Wednesday, March 9, 2022

Executive Suite (Robert Wise, 1954)

 

Kicking off with the sudden death of a furniture company President, Robert Wise’s Executive Suite then follows the machinations to secure a majority of the seven board votes that will decide his successor. Five of the seven voters have a declared or potential interest in the position, with the main dynamic pitting an overriding focus on maintaining the bottom line against a more organic, forward-looking approach based on innovation and investment.
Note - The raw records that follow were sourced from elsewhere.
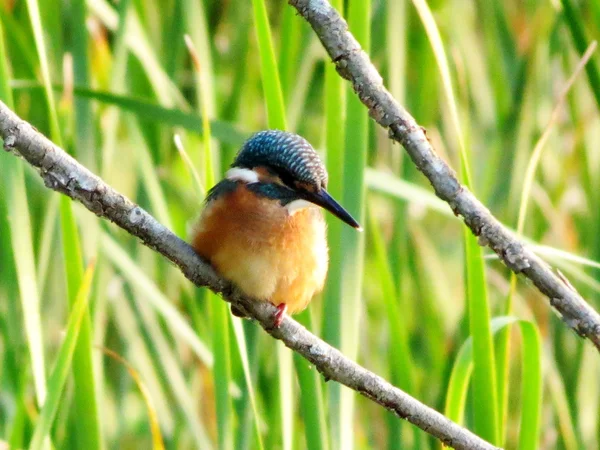 Vogels van de steppes — Stockfoto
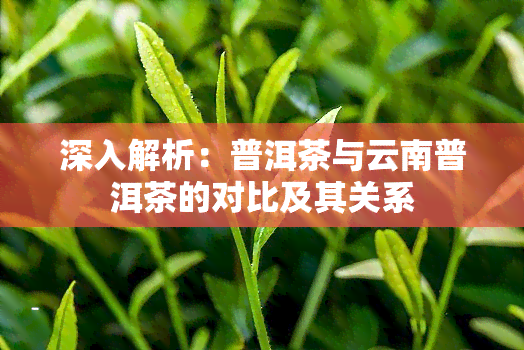 深入解析：普洱茶与云南普洱茶的对比及其关系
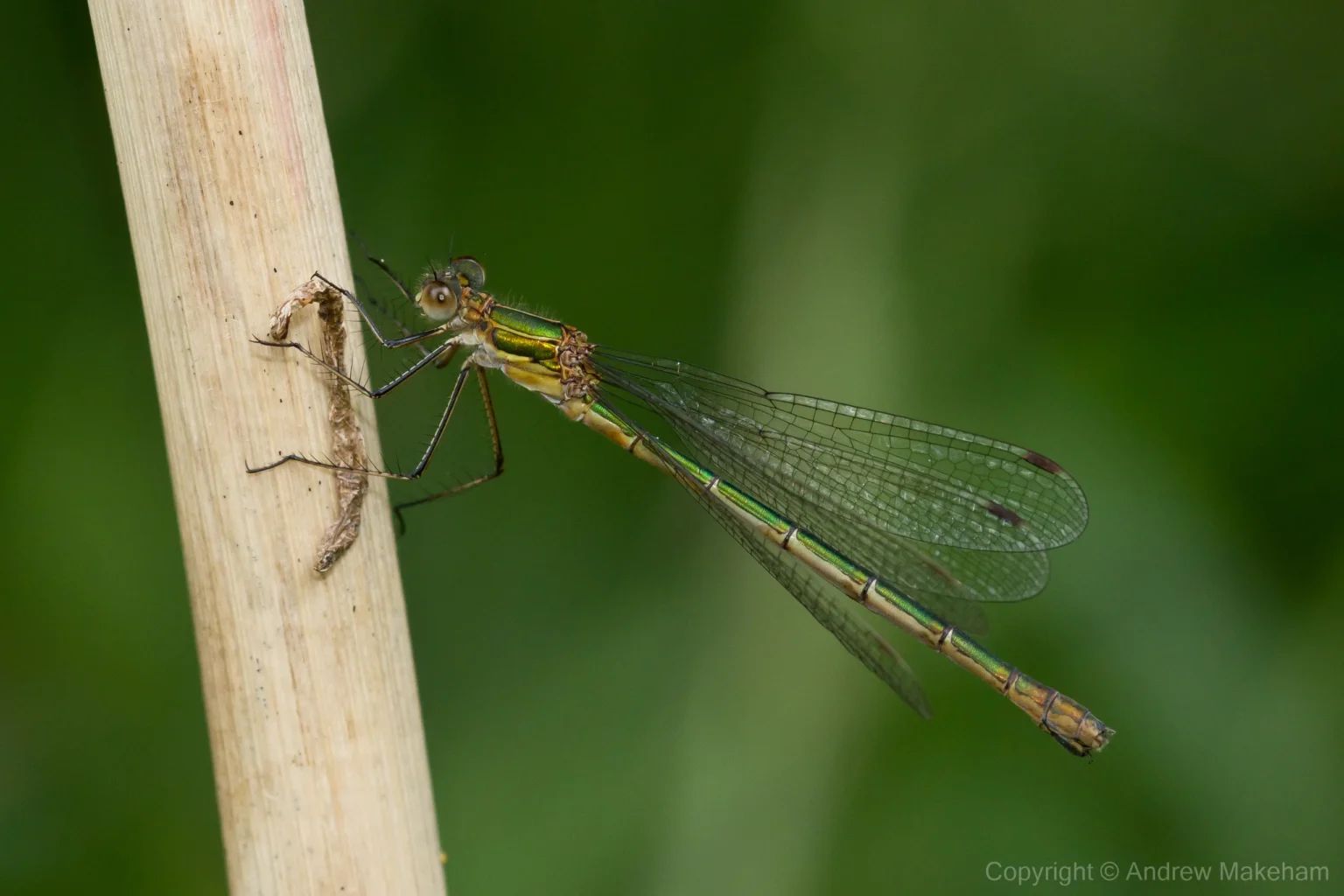 Emerald Damselfly - Lestes sponsa Female at Felmersham NR.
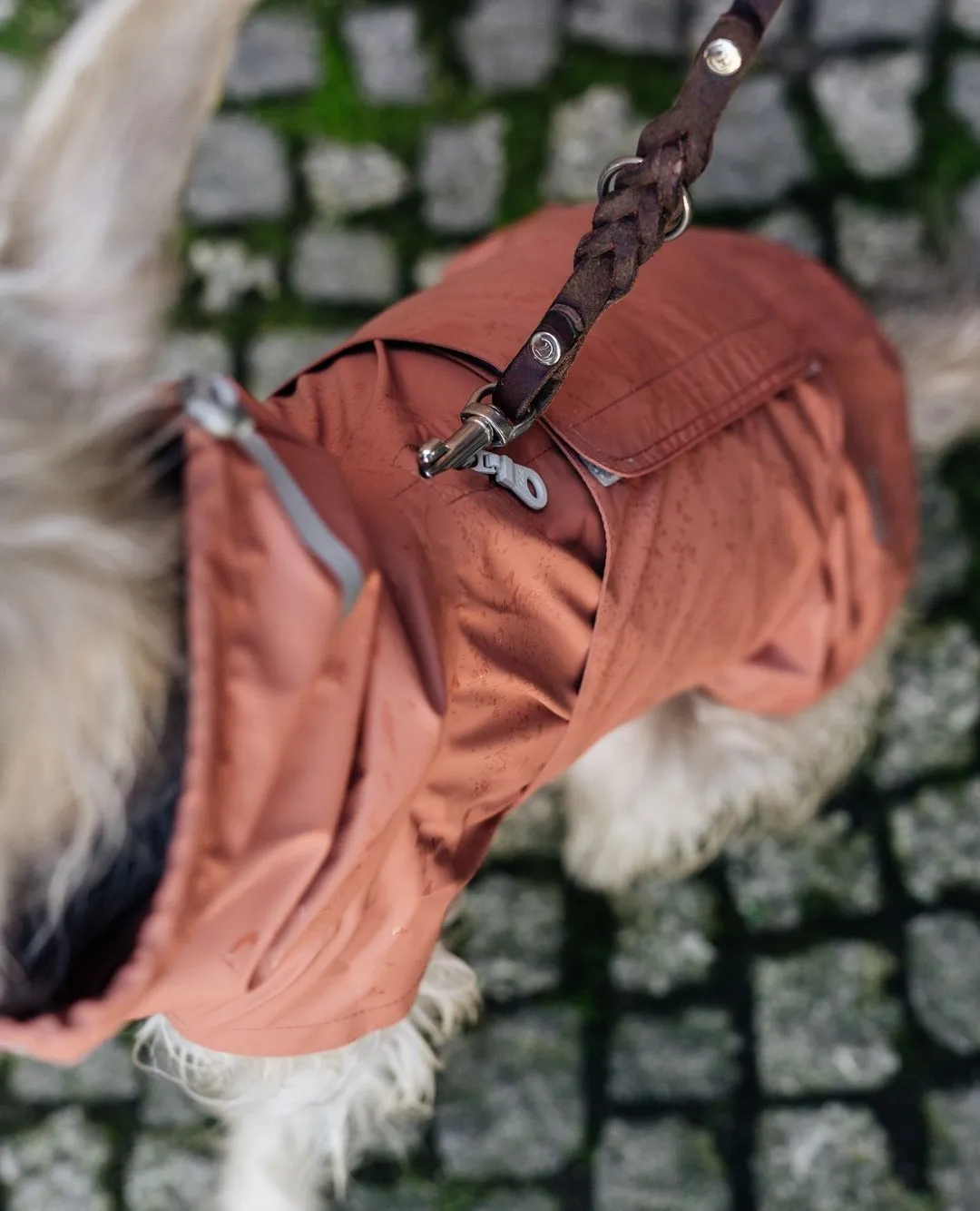 Dog Raincoat Hamburg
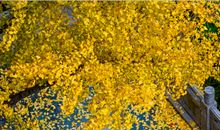 [2013暑期征文] 游览赤山_500字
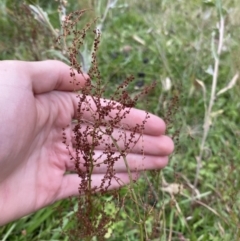 Rumex acetosella (Sheep Sorrel) at Long Beach, NSW - 12 Jan 2023 by natureguy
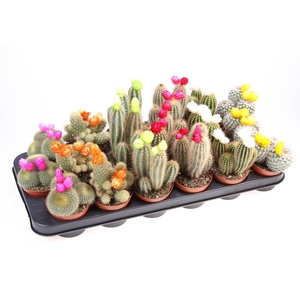Cactus decoratie strobloem mix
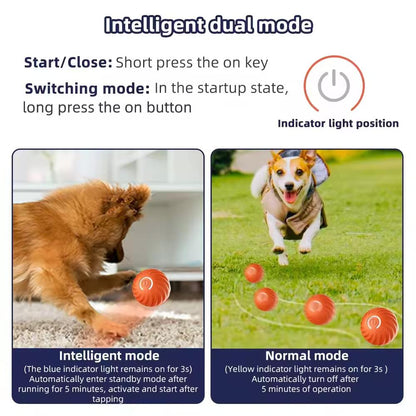 Jouet vibrants en forme de balle pour chien et chat - rechargeable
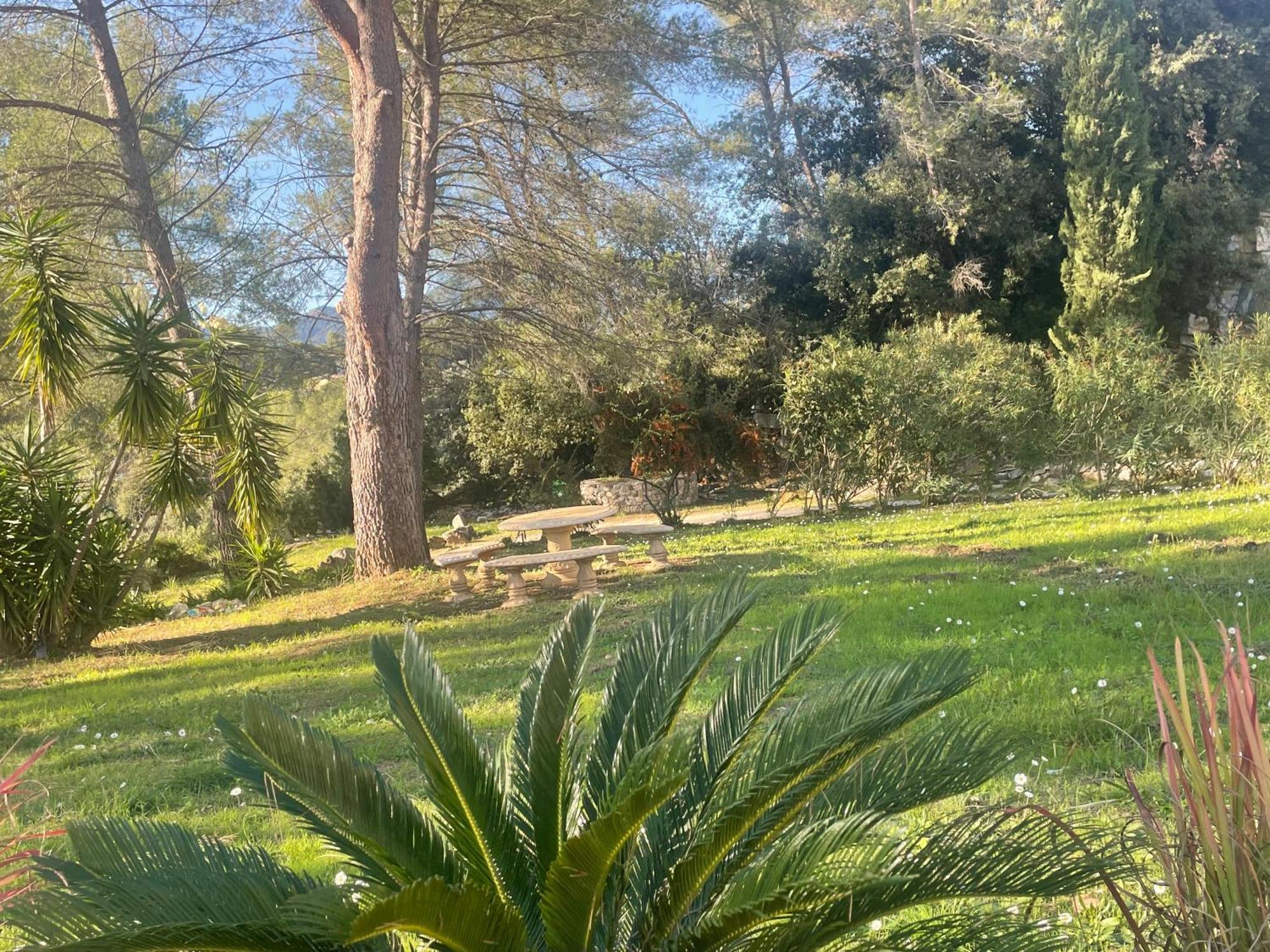La Villa Des Carriers- Maison Avec Piscine Proche Mer Roquefort-les-Pins Esterno foto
No doubt a remake would feel compelled to focus on a more glamorous sector than the furniture industry (but then, Wise’s film derives from the heart of the materialist Eisenhower-era boom); such a remake would surely spend more time too on environmental sustainability, which no one thought they needed to worry about back in those fortunate days (for an interesting modern-day reference point, Danone kicked out its CEO in 2021 for allegedly focusing too much on an “activist agenda” versus the bottom line). Some aspects of the film remain interesting from a technical perspective: the one unscrupulous director (Louis Calhern) who sold the stock short to capitalize on an expected decline, and sees it going against him; the machinations of the vote itself. But it’s disappointing that in the end it comes down to typical movie speechifying by the youngest and most visionary of the group (William Holden), the opposition crumbling with improbable speed, and that other than a clunky initial sequence shot from the perspective of the doomed President, Wise never achieves anything very cinematically interesting. The cast also includes Fredric March as the very epitome of the blinkered numbers man (another character bitingly snipes at his "night school CPA") and Barbara Stanwyck, the only woman on the board, but only as a result of family inheritance rather than business acumen (a gender bias of its time, not yet fully rectified in our own).